# Skins?



## byegad (24 Nov 2011)

Will we get a choice of skins? The new one is too bright and I've had my second migraine of the year this afternoon after spending 30 mins reading threads.

It's either too bright or the text is fading into the background if I turn the contrast and brightness down on my computer.

Please can we have a darker version? Pretty Please!


----------



## Shaun (25 Nov 2011)

I'll have a look at toning down the pure-white background - that might help - it certainly shouldn't have any negative effect and might well be appreciated by others too.

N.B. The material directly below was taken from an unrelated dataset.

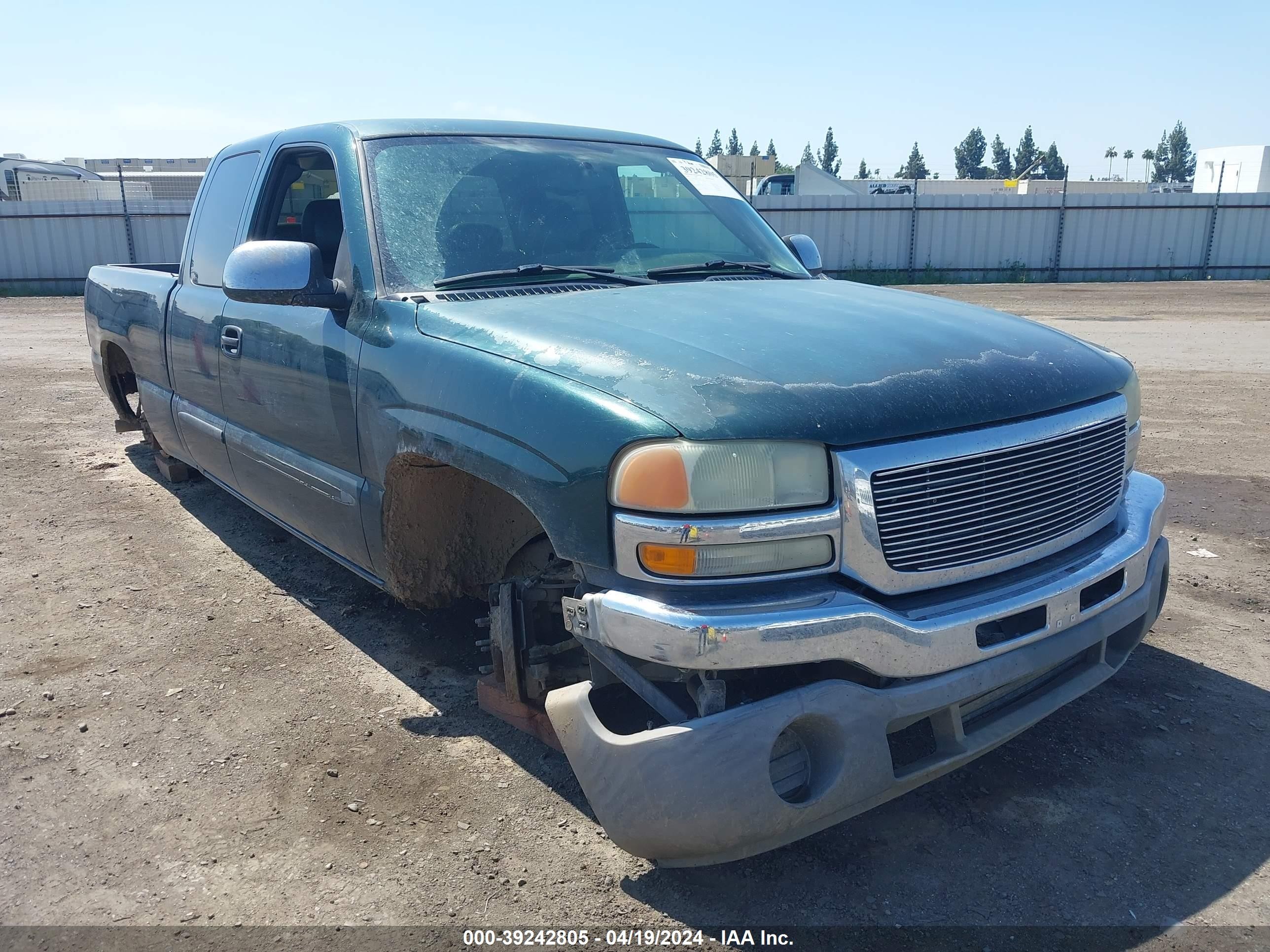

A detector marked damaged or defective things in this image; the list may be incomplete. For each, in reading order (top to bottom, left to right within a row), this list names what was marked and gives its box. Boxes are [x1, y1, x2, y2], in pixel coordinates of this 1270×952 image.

As to making different skins - possibly, but not until everything else is completed.

Cheers,
Shaun


----------



## HovR (25 Nov 2011)

You may be interested in a piece of software called F.lux 

It changes the intensity (for want of a better word) of the display depending on the time of day. During the day when the sun is out, and you may need a high brightness level to see the screen, the screen remains at its standard intensity level - However during to afternoons when there is less light around and the intense white of web pages can be too harsh on your eyes, it changes your computer monitor to display softer, warmer colours - Which I find are much kinder on the eyes.

At first I was skeptical, but now I wouldn't run my computer without it!


----------



## Asa Post (25 Nov 2011)

HovR said:


> You may be interested in a piece of software called F.lux


 
Thanks for posting this. Now installed and in use. Love it.


----------



## HovR (25 Nov 2011)

Asa Post said:


> Thanks for posting this. Now installed and in use. Love it.


 
Glad I could help!


----------



## JDP (25 Nov 2011)

Just installed this and it's so nice  

Cheers.


----------



## byegad (28 Nov 2011)

Thanks for the reply. I'm still turning down the brightness inirder not to get yet another migraine. Is it possible to give users the choice of background 'glare/colour?


----------



## Shaun (29 Nov 2011)

byegad said:


> Thanks for the reply. I'm still turning down the brightness inirder not to get yet another migraine. Is it possible to give users the choice of background 'glare/colour?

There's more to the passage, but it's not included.